## WORK INSTRUCTIONS
Output, word for word, every line from the line with "Inviting townhome showcasing" through the final line of the data below.
___ RECORDS TO PROCESS
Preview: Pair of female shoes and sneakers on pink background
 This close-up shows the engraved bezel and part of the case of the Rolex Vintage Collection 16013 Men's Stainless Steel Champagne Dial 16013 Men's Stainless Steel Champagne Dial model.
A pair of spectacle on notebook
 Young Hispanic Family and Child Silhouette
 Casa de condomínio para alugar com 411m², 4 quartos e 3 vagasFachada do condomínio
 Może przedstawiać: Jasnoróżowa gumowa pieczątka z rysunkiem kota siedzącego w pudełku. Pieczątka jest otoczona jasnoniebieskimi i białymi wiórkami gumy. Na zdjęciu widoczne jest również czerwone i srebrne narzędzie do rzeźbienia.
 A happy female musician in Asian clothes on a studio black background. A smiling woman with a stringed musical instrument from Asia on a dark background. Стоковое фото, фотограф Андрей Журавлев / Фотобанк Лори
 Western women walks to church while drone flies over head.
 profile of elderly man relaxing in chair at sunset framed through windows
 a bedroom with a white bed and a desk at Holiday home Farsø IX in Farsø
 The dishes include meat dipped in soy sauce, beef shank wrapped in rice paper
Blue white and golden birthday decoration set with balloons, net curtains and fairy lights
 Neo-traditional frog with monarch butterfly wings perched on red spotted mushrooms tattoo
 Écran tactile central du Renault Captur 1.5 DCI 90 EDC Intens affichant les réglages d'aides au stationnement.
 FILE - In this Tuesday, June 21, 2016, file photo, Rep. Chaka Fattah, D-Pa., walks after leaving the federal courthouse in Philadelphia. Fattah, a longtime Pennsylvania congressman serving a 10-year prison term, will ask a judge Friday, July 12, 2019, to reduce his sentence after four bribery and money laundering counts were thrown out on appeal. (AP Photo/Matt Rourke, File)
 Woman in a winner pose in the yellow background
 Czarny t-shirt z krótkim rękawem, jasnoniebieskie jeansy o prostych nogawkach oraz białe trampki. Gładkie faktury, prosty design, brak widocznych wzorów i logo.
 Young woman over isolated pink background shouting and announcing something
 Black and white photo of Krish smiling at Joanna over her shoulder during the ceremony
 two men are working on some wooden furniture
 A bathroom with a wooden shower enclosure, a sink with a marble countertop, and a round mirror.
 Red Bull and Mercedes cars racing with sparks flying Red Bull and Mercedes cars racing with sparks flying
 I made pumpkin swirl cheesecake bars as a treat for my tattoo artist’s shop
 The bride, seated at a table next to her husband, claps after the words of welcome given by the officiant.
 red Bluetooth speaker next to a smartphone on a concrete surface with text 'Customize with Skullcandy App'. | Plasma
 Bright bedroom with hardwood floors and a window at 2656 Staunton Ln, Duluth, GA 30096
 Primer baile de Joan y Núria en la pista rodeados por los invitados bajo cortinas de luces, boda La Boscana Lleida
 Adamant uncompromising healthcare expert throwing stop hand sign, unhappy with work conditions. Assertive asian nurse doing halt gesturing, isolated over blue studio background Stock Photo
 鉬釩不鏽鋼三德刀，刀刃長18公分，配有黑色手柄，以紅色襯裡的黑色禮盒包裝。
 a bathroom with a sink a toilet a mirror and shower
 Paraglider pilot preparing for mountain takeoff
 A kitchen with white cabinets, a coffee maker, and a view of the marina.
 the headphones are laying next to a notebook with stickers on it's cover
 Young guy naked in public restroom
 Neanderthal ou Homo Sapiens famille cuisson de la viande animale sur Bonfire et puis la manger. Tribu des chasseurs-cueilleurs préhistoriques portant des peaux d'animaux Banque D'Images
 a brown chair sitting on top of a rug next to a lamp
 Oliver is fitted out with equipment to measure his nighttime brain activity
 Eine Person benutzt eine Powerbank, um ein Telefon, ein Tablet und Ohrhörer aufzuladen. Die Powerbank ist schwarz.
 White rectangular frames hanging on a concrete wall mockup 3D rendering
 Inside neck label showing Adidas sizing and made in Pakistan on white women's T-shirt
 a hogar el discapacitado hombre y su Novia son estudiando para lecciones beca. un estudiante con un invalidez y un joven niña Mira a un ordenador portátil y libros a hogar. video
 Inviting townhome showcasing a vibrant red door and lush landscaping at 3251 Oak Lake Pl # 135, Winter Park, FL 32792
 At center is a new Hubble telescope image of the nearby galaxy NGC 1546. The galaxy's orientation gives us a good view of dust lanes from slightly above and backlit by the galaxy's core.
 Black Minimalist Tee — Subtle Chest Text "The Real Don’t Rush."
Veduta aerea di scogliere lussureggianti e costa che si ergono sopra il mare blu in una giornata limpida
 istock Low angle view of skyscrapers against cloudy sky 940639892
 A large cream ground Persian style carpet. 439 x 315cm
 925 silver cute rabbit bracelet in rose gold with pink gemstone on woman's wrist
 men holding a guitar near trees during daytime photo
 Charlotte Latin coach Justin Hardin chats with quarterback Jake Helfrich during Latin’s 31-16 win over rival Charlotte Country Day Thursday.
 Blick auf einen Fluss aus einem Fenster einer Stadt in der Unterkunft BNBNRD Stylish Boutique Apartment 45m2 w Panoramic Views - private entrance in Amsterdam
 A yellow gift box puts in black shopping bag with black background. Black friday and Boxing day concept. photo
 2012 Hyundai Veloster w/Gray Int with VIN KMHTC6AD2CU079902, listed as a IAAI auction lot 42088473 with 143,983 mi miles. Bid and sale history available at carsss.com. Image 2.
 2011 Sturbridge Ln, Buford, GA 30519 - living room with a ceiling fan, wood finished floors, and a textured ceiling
______
## RESPONSE TO THE TASK
 Inviting townhome showcasing a vibrant red door and lush landscaping at 3251 Oak Lake Pl # 135, Winter Park, FL 32792
 At center is a new Hubble telescope image of the nearby galaxy NGC 1546. The galaxy's orientation gives us a good view of dust lanes from slightly above and backlit by the galaxy's core.
 Black Minimalist Tee — Subtle Chest Text "The Real Don’t Rush."
Veduta aerea di scogliere lussureggianti e costa che si ergono sopra il mare blu in una giornata limpida
 istock Low angle view of skyscrapers against cloudy sky 940639892
 A large cream ground Persian style carpet. 439 x 315cm
 925 silver cute rabbit bracelet in rose gold with pink gemstone on woman's wrist
 men holding a guitar near trees during daytime photo
 Charlotte Latin coach Justin Hardin chats with quarterback Jake Helfrich during Latin’s 31-16 win over rival Charlotte Country Day Thursday.
 Blick auf einen Fluss aus einem Fenster einer Stadt in der Unterkunft BNBNRD Stylish Boutique Apartment 45m2 w Panoramic Views - private entrance in Amsterdam
 A yellow gift box puts in black shopping bag with black background. Black friday and Boxing day concept. photo
 2012 Hyundai Veloster w/Gray Int with VIN KMHTC6AD2CU079902, listed as a IAAI auction lot 42088473 with 143,983 mi miles. Bid and sale history available at carsss.com. Image 2.
 2011 Sturbridge Ln, Buford, GA 30519 - living room with a ceiling fan, wood finished floors, and a textured ceiling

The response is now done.